La coopération pour le développement a un rôle singulier à jouer pour bâtir un avenir meilleur car elle a le pouvoir d’accompagner des pays qui suivent une trajectoire de développement différente, et les populations les plus pauvres et les plus marginalisées de la planète. Elle apporte expertise, financement et soutien aux acteurs locaux, de sorte qu’ils puissent emprunter la voie qu’ils ont choisie au service d’une vie meilleure. Toutefois, la coopération pour le développement n’est pas la seule solution aux problèmes mondiaux. Certes non. Si, au cours des décennies, nous avons rassemblé quantités de données et une multitude d’expériences précieuses qui illustrent les bienfaits de la coopération pour le développement, nous devons démontrer que la coopération internationale permet de répondre aux préoccupations des citoyens : le climat, la santé, les besoins humains essentiels et la justice.
Il ne suffira pas de modifier notre discours sur la coopération pour le développement. Pour refléter de nouvelles réalités, nous ne pouvons nous contenter de changer la façon dont nous parlons de la coopération pour le développement. Nous devons aussi modifier nos pratiques. Les pays et les organismes de développement membres du Comité d’aide au développement (CAD) doivent prouver par leurs actes, et pas seulement par leurs paroles, que la coopération pour le développement est adaptée aux enjeux du XXIe siècle et ouverte à de nouvelles façons de travailler avec une pluralité d’acteurs.
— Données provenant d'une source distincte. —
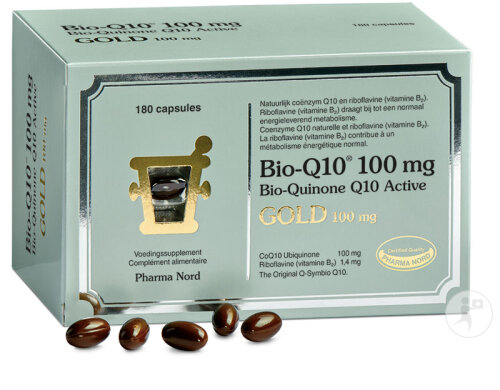 Pharma Nord Bio-Q10 100mg Ubiquinone Énergie Gold 180 Gélules-2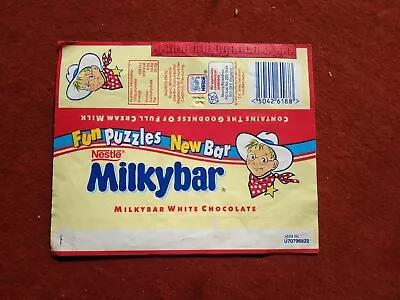 Nestle Milkybar Wrapper 1995 Milkybar Kid. Puzzle Wrapper. H • £4.99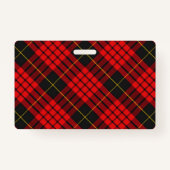 Badge Tartan vif de MacQueen de clan (Dos)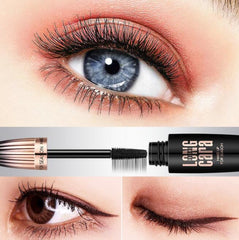 Makeup Eyelash Mascara Eye Lashes Makeup 4D Silk Fiber Lash Mascara Long Curling Black Waterproof Fiber Mascara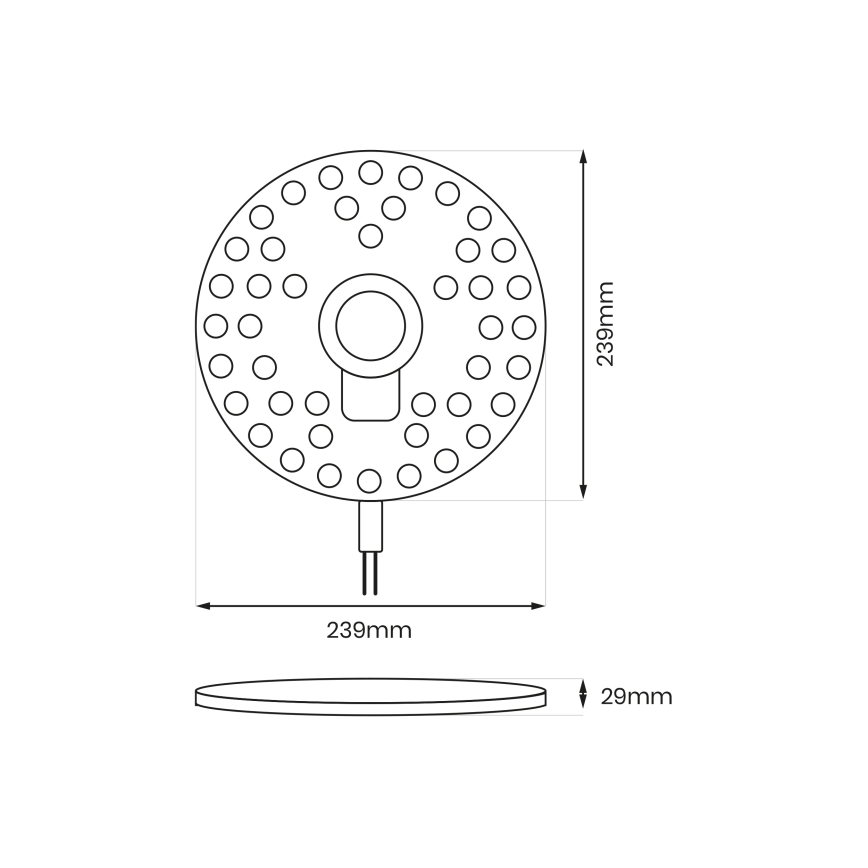 Magnetický LED modul LED/36W/230V 2700–6500 K, priemer 24 cm – Brilagi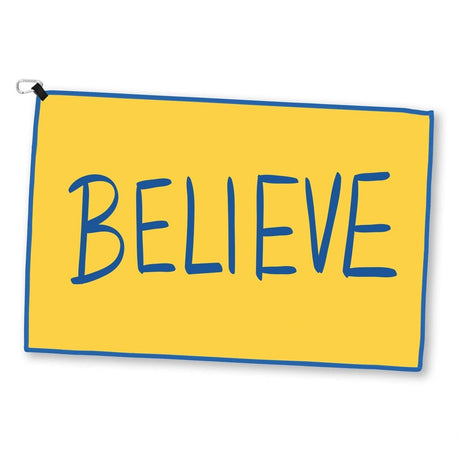 Putt Buddies Ted Lasso Believe Golf Towel 24"x16" Double Sided - Non-Magnetic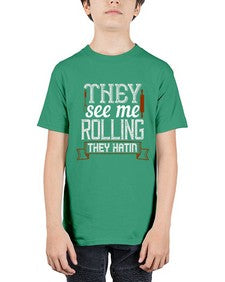 they see me rolling they hatin 427# - cooking - Youth Tee Unisex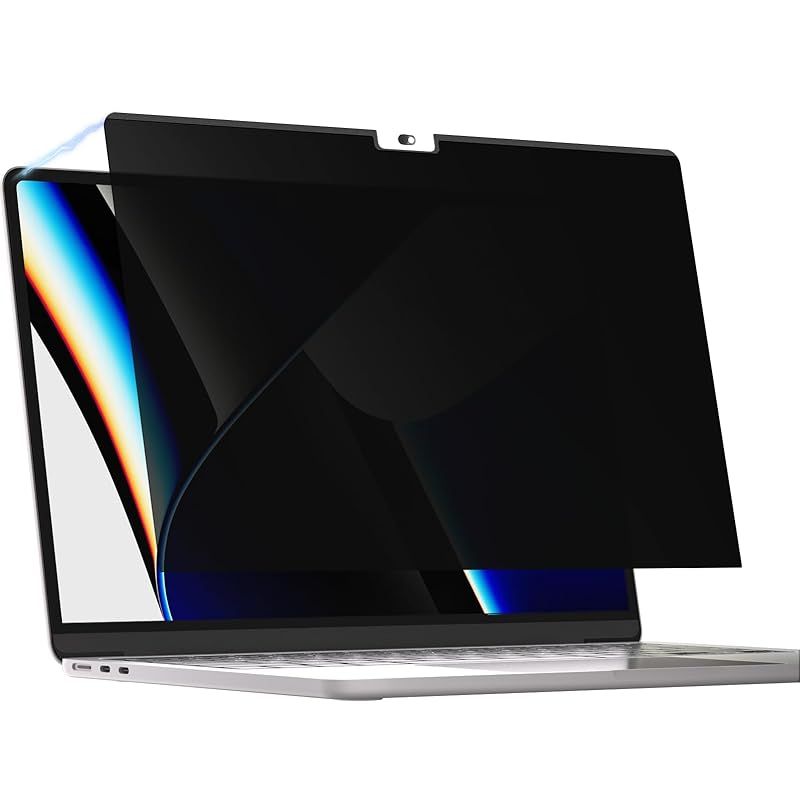 【新品】 MacBook Pro 16 覗き見防止フィルター マグネット式 (2021-2026, M1-M5) 用 覗き見防止フィルム カメラカバー付き のぞき見防止 フィルム ブルーライトカット保護フィルム Mamol 0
Les progrès spectaculaires accomplis par de nombreux pays au cours de la décennie écoulée ont remodelé le paysage du développement. Des pays, eux-mêmes pauvres dans un passé récent, sont devenus des acteurs majeurs de la lutte contre la pauvreté dans des pays tiers, aux côtés de la société civile, du secteur privé et des fondations philanthropiques. Les membres du CAD de l’OCDE saluent ces nouveaux acteurs, tout en continuant à maintenir, actualiser et promouvoir les normes rigoureuses, le savoir-faire de qualité et les bonnes pratiques qui sous-tendent leur travail et en encourageant les autres à s’appuyer sur les données issues des expériences réussies. Nous devons donner un nouveau souffle à l’esprit de la coopération pour le développement en œuvrant aux côté de ces acteurs avec créativité, tout en préservant nos valeurs communes.
Le monde complexe, connecté, d’aujourd’hui, exige des pouvoirs publics qu’ils appuient plus activement la coopération pour le développement, et qu’ils expliquent plus efficacement pourquoi elle est importante. Nous devons être honnêtes quant aux multiples défis auxquels elle est confrontée et montrer qu’en dépit de ses insuffisances, la coopération pour le développement peut aider à construire un monde meilleur. En jouant de nos forces spécifiques et en faisant preuve d’agilité face aux changements qui s’imposent, nous ferons en sorte que la coopération pour le développement demeure dynamique et efficace pour bâtir un meilleur avenir pour tous.